Problem details.
The required output is an exact restatement of the lines, starting with the one that contains "Lot 56-763851 - New" and finishing with the last line of the listing. It contains no pictures.

:::::

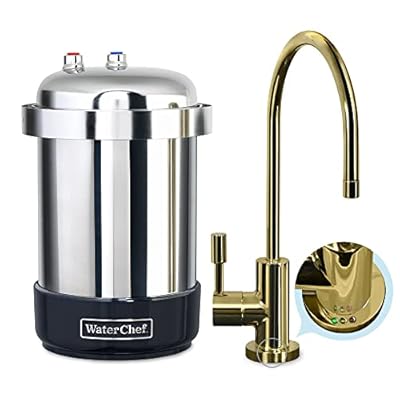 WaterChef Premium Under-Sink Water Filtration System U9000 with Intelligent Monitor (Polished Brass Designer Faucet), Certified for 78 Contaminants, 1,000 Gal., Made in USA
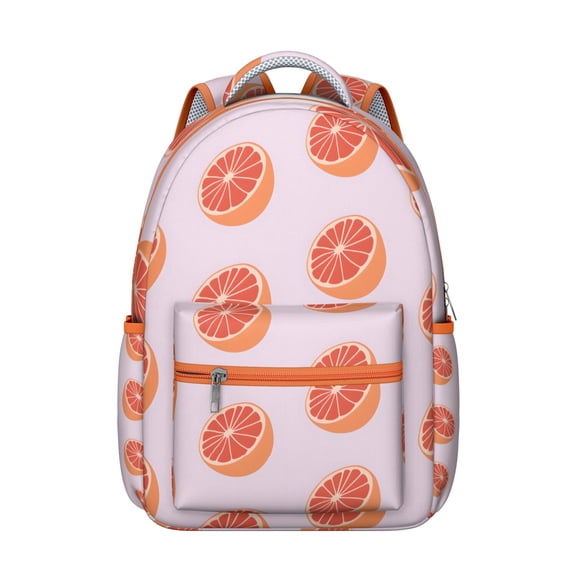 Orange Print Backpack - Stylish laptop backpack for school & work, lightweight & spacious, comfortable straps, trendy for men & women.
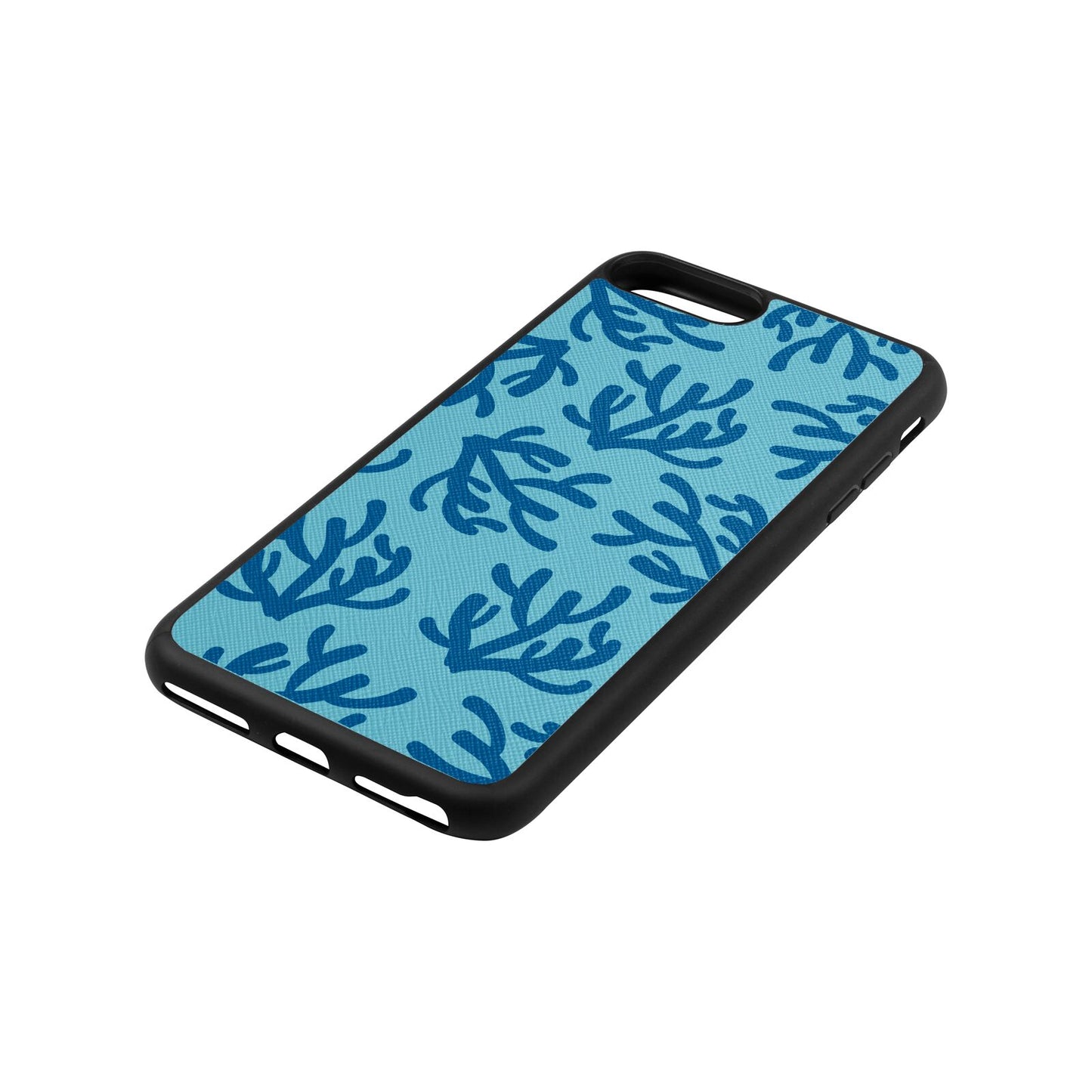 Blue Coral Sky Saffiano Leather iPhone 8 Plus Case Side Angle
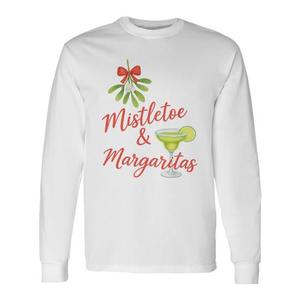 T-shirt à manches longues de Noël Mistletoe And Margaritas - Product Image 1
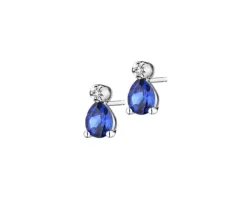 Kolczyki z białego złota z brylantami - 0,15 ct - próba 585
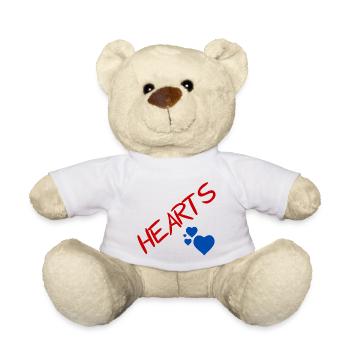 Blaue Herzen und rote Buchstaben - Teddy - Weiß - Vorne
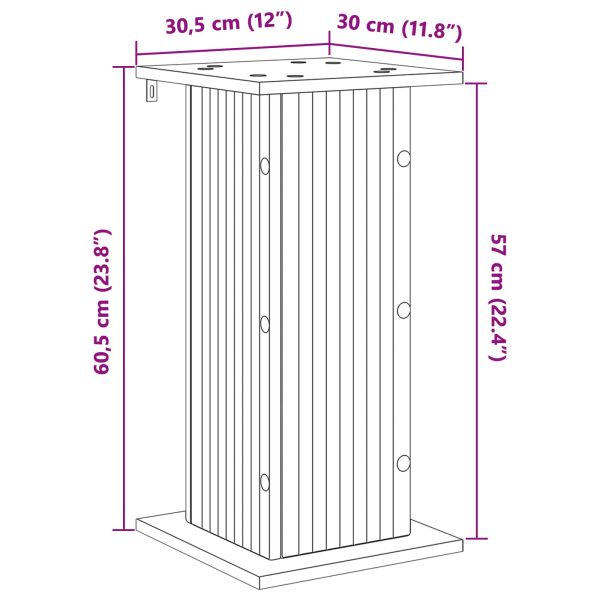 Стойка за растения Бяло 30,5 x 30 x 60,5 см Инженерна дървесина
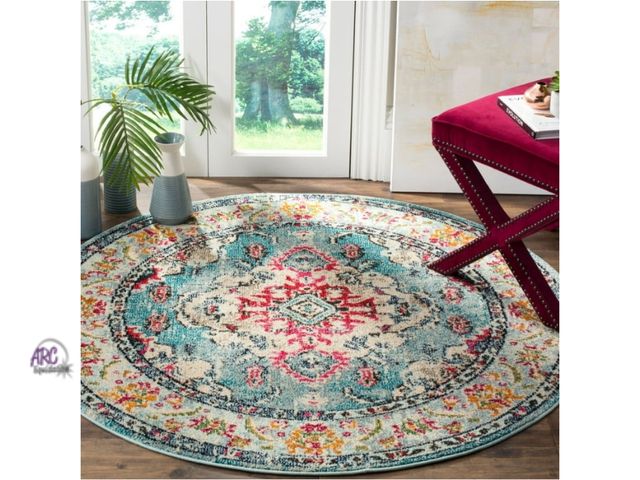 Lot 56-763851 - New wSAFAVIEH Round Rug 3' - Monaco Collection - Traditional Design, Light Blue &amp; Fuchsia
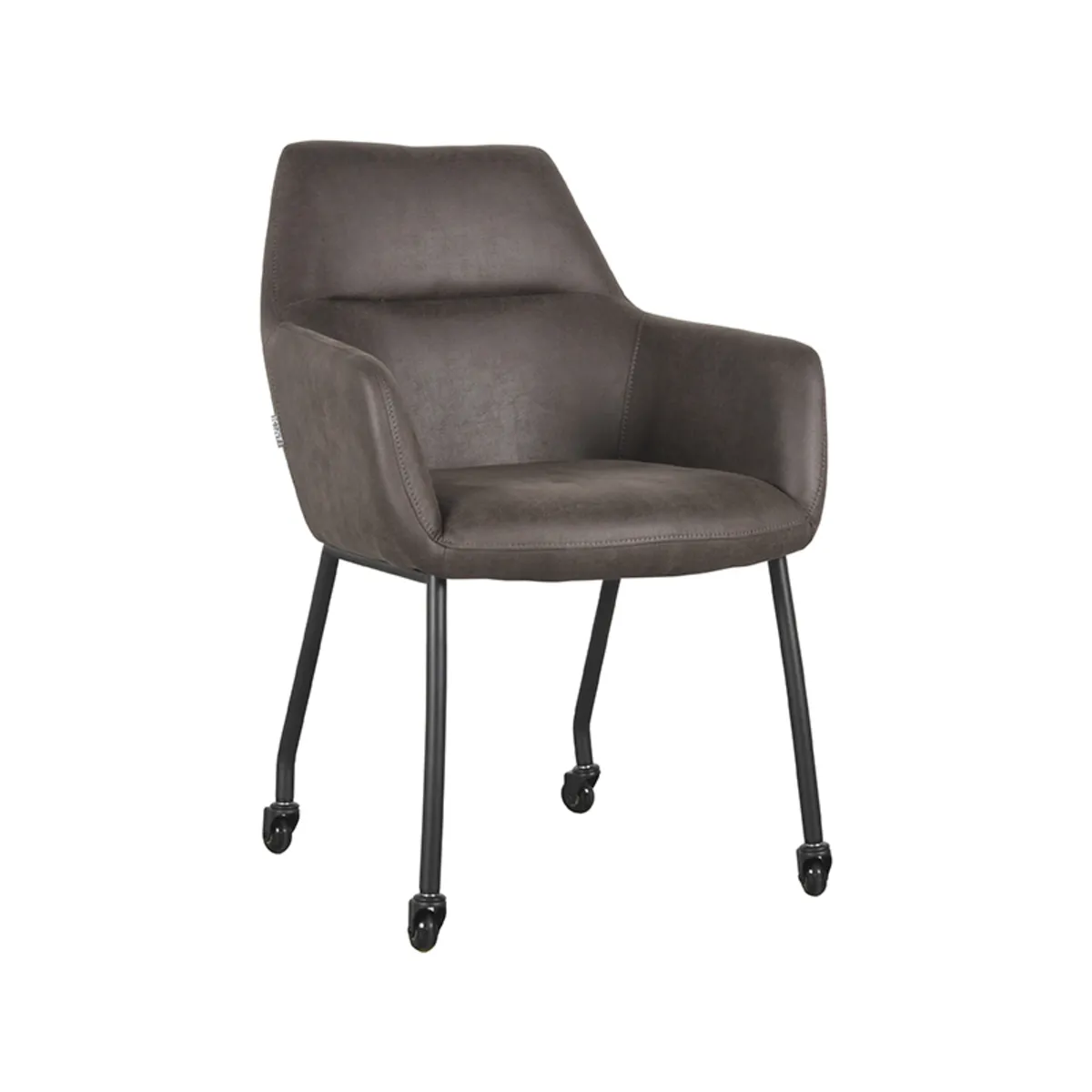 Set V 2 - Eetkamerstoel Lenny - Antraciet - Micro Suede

:::::

Answer for this exercise.
 Lot 56-763851 - New wSAFAVIEH Round Rug 3' - Monaco Collection - Traditional Design, Light Blue &amp; Fuchsia
 Set V 2 - Eetkamerstoel Lenny - Antraciet - Micro Suede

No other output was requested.